EXERCISE OBJECTIVE. Copy verbatim the block of lines in the entries below whose first line contains "Girl walking with" and whose last line contains "Chaqueta tipo puffer". Leave out all other lines.

DATA EXTRACTS section start

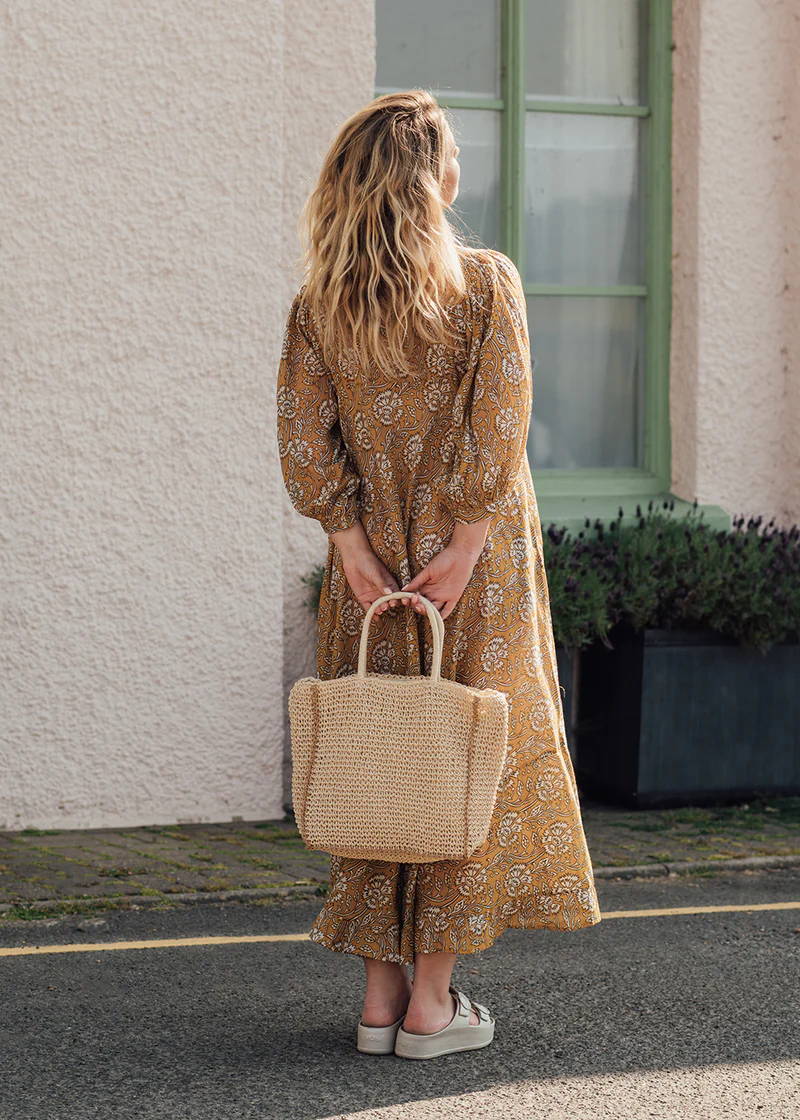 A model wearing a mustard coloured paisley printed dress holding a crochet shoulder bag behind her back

DATA EXTRACTS section end
DATA EXTRACTS section start

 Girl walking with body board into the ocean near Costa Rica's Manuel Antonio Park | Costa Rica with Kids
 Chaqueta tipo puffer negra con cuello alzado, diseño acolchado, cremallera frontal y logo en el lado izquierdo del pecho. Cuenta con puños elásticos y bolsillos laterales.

DATA EXTRACTS section end

RESPONSE TO THE TASK.
 Girl walking with body board into the ocean near Costa Rica's Manuel Antonio Park | Costa Rica with Kids
 Chaqueta tipo puffer negra con cuello alzado, diseño acolchado, cremallera frontal y logo en el lado izquierdo del pecho. Cuenta con puños elásticos y bolsillos laterales.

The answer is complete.